第5話 俺と妹と竜の奇妙な共同生活

 家へ帰って来て二日程たった。


 本来なら羽目を外してゆっくりくつろぐ予定だった――が、悲しいかな。今、この部屋は震える位に殺気で満ちていた。

 さっそく竜と妹が喧嘩をおっ始めたのだ。というより……


「どうしてこんなに食器を雑に置くの!! 食器を乾かす時は間を開けるっ。そうしないとすぐ乾かないでしょ!!」


「は、はいっ」


「それに掃除も雑!! ゴミはどうしてあそこに置いてるの、ゴミ捨て場に棄てなさいよ。家はゴミ箱じゃないんだから、ほら!!」


「ただいまやります!!」


 ニアがめったくそにバハムートを叱っていた。

 鬼みたいな顔で指を差したのは家の庭、そこには山のように積まれたゴミ達。本人曰く、自分達の住む場所にゴミがなければ問題ないじゃない。なら、外に置けばいいじゃない。というワイルドな論理でそうなったらしい。


 きっと竜の生活ではゴミを捨てるという習慣がなかったのかもしれん。けど、潔癖なニアがそれを見たら間違いなくブチ切れる。案の定、ニアに叱り飛ばされながらいそいそとゴミの処分を始めていた。乱雑に放置された食器たちはぷんすか怒りながらニアが綺麗な形に並べなおしていた。


「あのね、竜だか何だか知らないけどウチで暮らすならちゃんとルール守ってよね」


「す、すみません」


 ああ、これ見たことある。

 ギルドのあるパーティが不始末をして帰って来た時、受付嬢の人にどちゃくそ怒られてるときそっくりだ。それなりに名の知れたパーティだったが、一人の女性相手にべらぼうに怒られて、大の大人たちが肩を落としながら受付から追い出されていくわけだ。面子丸つぶれもいいとこ。


 そう、今のバハムートはそれに近い。合掌。


『ゴシュジン、助けて!!』


 で、終わるわけもなく涙目で声にならないヘルプコールがこっちに来た。

 この竜、本当に竜の王と呼ばれていたのだろうか。先ほどから面子がぺしゃんこにぶっ潰れてる姿しか見ないんだけど。


 ……しょうがない。手を貸してやるか。


「ニア、ちょっと聞いてくれ」


「何よ!! 今忙しいからあとで……」


「バハムートはまだ人の文化に慣れてないんだ。せっかく馴染もうとしているんだから、もうすこし優しく教えてやってくれないか?」


「あっ……」


「俺も手伝うからさ。バハムート、あれを片付ければいいんだよな?」


「ゴ、ゴシュジン!!」


「お前もお前だ。竜と人では色々勝手が違うから先にやりかたをニアに聞くんだぞ、いいな?」


「わかった!!」


「ニアも俺が帰って来てからいろいろやってくれたしな。という訳で、後は俺がやっとくからニアは休んでてくれ」


「わかったわ……」


 こんな感じで両名のフォローで四苦八苦していた。

 うーん、種族が違うと、文化も違うからこういうことは起きるよな。ニアの逆鱗に触れるどころか連続蹴りをかますような振る舞いを見て、こいつ終わったな。って思う事もあったけど、自分が連れて来たんだもんね。もう少し気を配るようにしようね。

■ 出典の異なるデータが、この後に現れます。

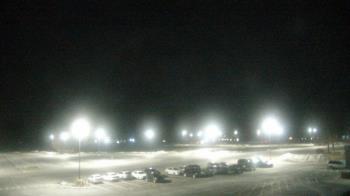 Weather camera view of Oswego HS.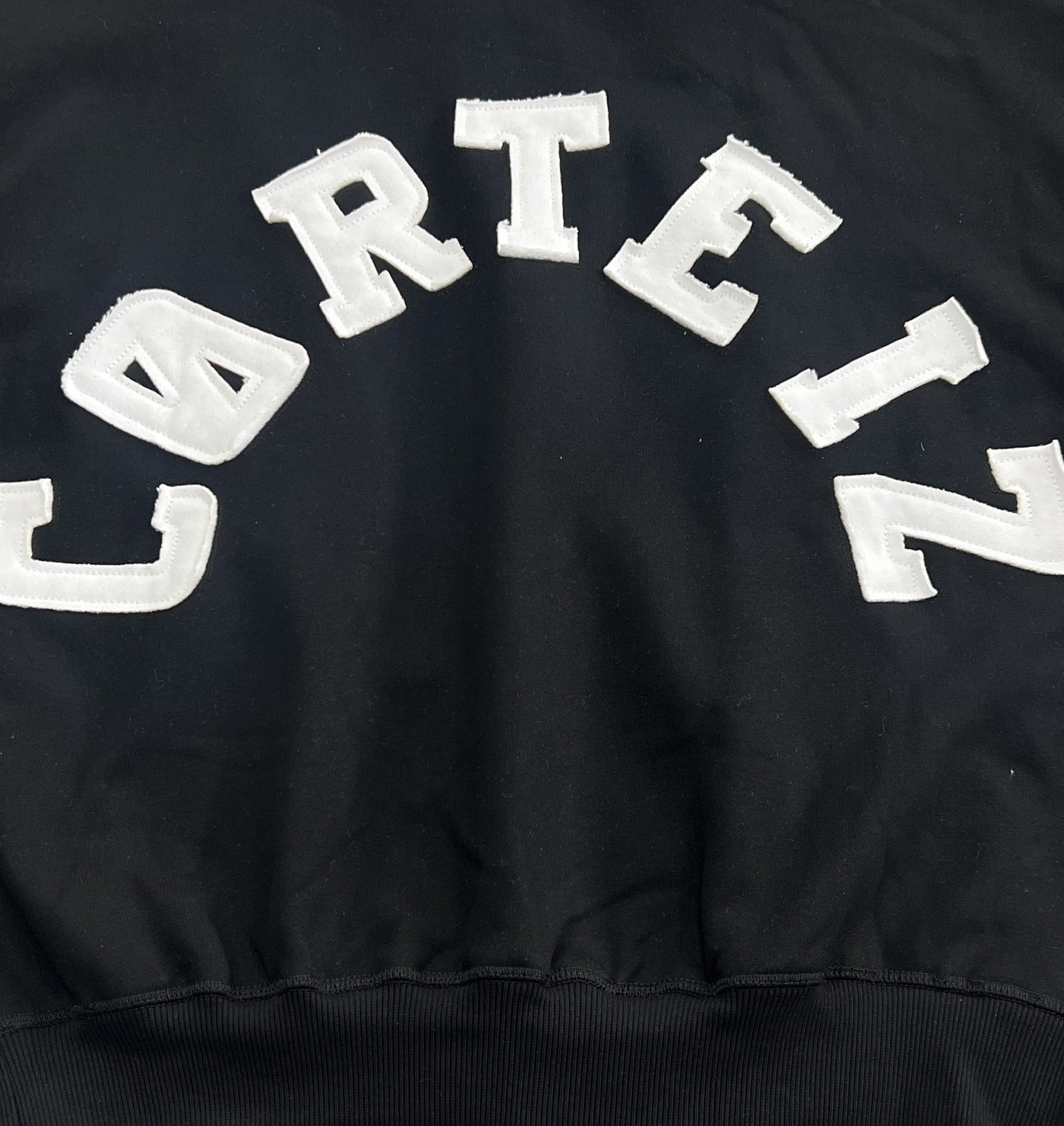 TRAPSTAR COLLY ARCH HOODIE (BLACK)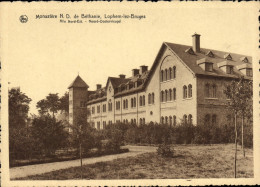 CPM Monastere N D De Bethanie Lophem Lez Bruges Aile Nord Est - Chiese E Cattedrali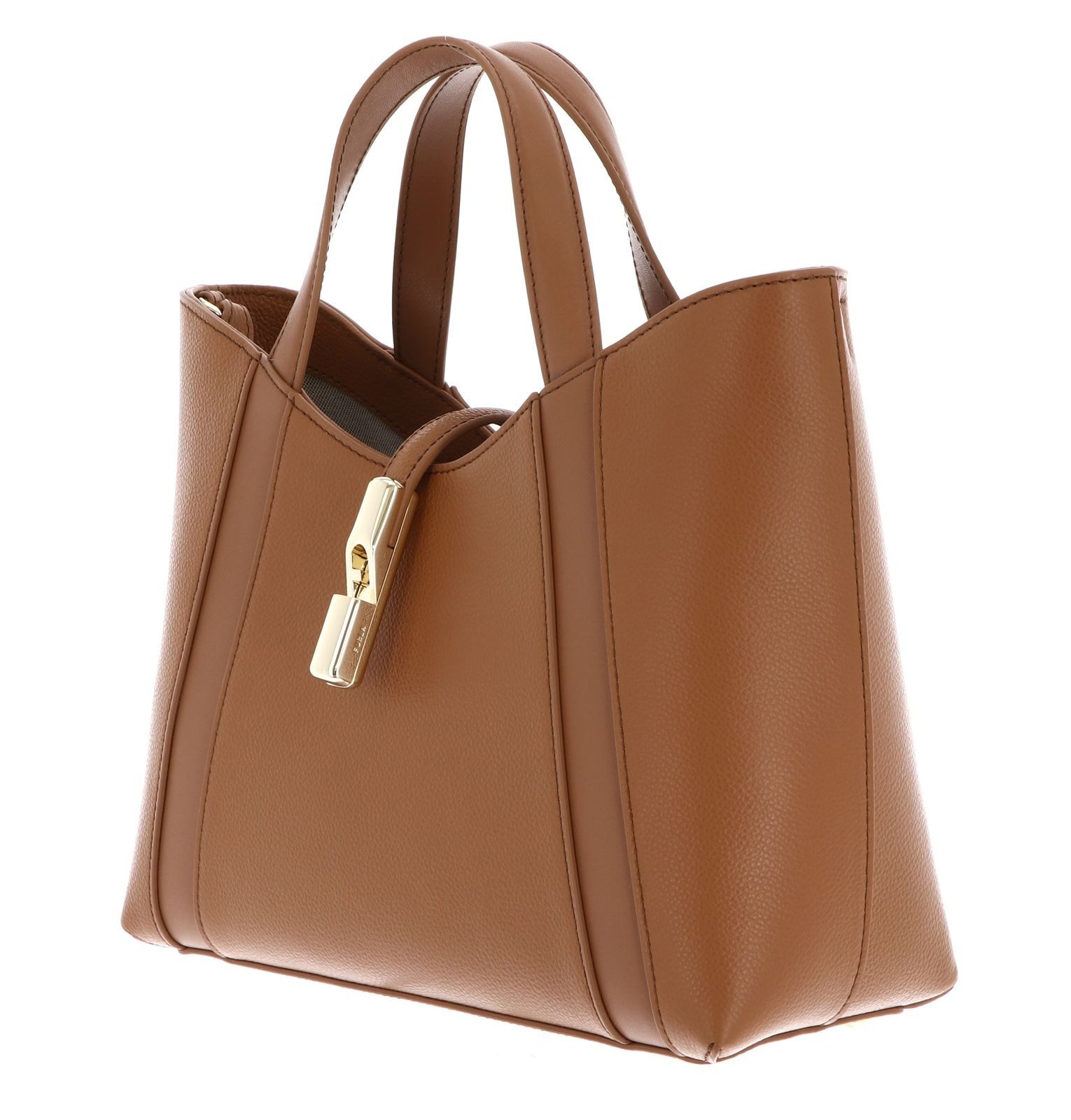 Furla Shopper Tote Bag, aus echtem Leder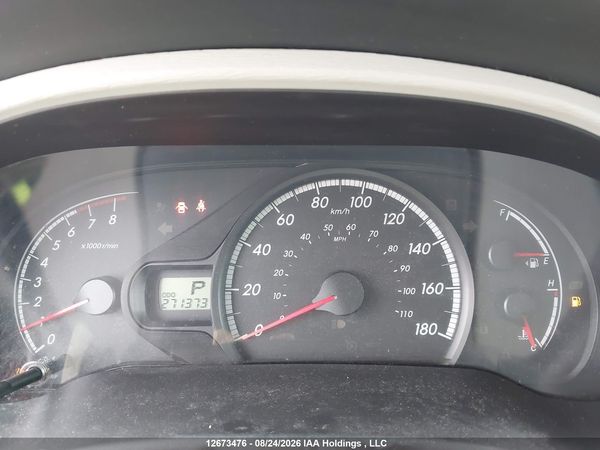 2012 TOYOTA SIENNA V6 7 PASSENGER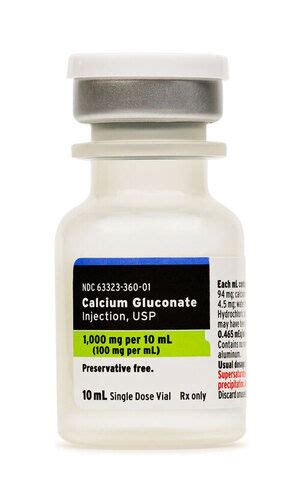 Calcium Gluconate Injection Dry Place At Best Price In Surat K Diam Exim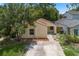 Charming single-story home featuring a well-maintained front yard and inviting entrance at 309 Kirkcaldy Dr, Winter Springs, FL 32708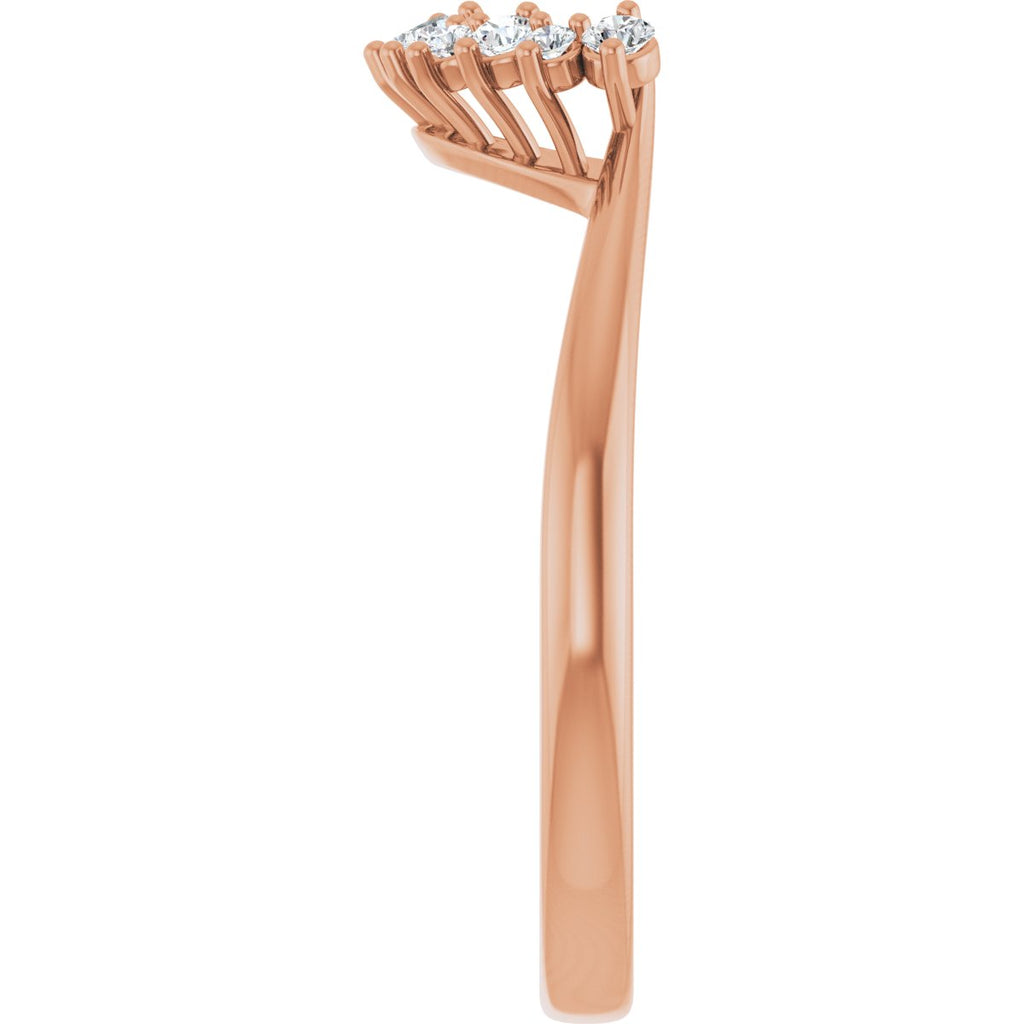Claw-Prong Halo-Style Engagement Ring or Band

 それから、バハムートはニアにいろいろ教えられながら日々の生活を送っていた。

 慣れない環境の中で色々と家の周りを手伝うようになり、次第にニアに教えられなくても最低限のことはできるようになっていった。


「そうそう、その調子!!」


「イモウト殿よ、ワシは竜ぞ。この程度造作もない!!」


 一方、ニアは持ち上げ作戦に出たらしい。

 うまくいったら褒める、とにかく褒める。失敗しても厳しい物言いは控え、わかりやすいように工夫しながらやり方を教えたりと丁寧にフォローをしてくれていた。


 そのおかげか、裏でバハムートから「イモウト殿は素晴らしい。ワシらの文化に合わせた内容でモノを教えてくれるから理解しやすい!!」 とお褒めの言葉を貰った。ニアの要領の良さにはいつも感心する。


 おかげさまで最初はビビって話しかけるだけでも尻込みしていたバハムートも、次第に自分からニアへ話しかけるようになっていく。そして、いつの間にか二人仲良くどこかへ外出することも増えていた。あんなにスタート地点が酷かった二人が仲良く外へ出かけるのを見た時は心に来るものがあった。自室でこっそり泣いた。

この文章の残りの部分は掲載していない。